BMS country managers in the world’s most advanced markets have been laying the groundwork for the company’s re-entry into CNS for some time. “When our CEO first announced BMS’s expansion into neuroscience, he made a powerful comparison: just as BMS transformed patient outcomes in oncology or HIV, imagine if we could do the same for conditions like schizophrenia, Parkinson’s, or Alzheimer’s,” said Switzerland General Manager Jérôme Garcin in late 2024. “These are areas where patients have seen very few new options in decades. It is incredibly exciting to think about the impact innovative treatments could have on the lives of countless patients and their families and friends.”

 

Spreading the Bets

Three of the pipeline assets highlighted by Boerner at JP Morgan represent lower-risk bets in therapeutic areas where BMS has already established experience. Building on the blood cancer legacy of Revlimid, Iberdomide and Mezigomide are intended for multiple myeloma, particularly in relapsed or refractory disease.

Meanwhile, the firm’s clearest attempt to prepare for life after Eliquis is Milvexian, a new blood thinner pill co-developed and co-commercialised with Johnson & Johnson. Milvexian addresses patient populations that, in aggregate, run into the tens of millions globally, and is designed to preserve antithrombotic efficacy while potentially reducing bleeding risk.

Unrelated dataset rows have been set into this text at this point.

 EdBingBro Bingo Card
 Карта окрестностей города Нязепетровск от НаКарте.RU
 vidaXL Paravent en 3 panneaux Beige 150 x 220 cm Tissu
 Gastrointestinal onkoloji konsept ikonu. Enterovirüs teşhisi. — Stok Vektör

In terms of new frontiers, tackling tough, high-need diseases, Admilparant is a potential treatment for serious lung scarring diseases where patients have few options and short life expectancies.

Additionally, BioNTech-partnered Pumitamig is a next-generation oncology drug that both helps the immune system attack cancer and targets tumour angiogenesis alongside immune checkpoint inhibition. It is designed to work across many tumour types.

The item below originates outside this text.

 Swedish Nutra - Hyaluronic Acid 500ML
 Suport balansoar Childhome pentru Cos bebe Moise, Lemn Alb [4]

As shown in the company’s most recent financial report (for Q3 2025), revenues for its newer medicines were up 18 percent, while legacy product revenue dropped by 13 percent from the previous year. Hoping to maintain this momentum, beyond even the six launches described above – with several expected to deliver pivotal or registrational readouts beginning in 2026 – BMS is hoping to launch over ten new medicines by 2030.

As Boerner concluded, “Taken together, what emerges is a younger and more diversified portfolio that will provide an impressive foundation for sustained growth leading into 2030 and beyond.”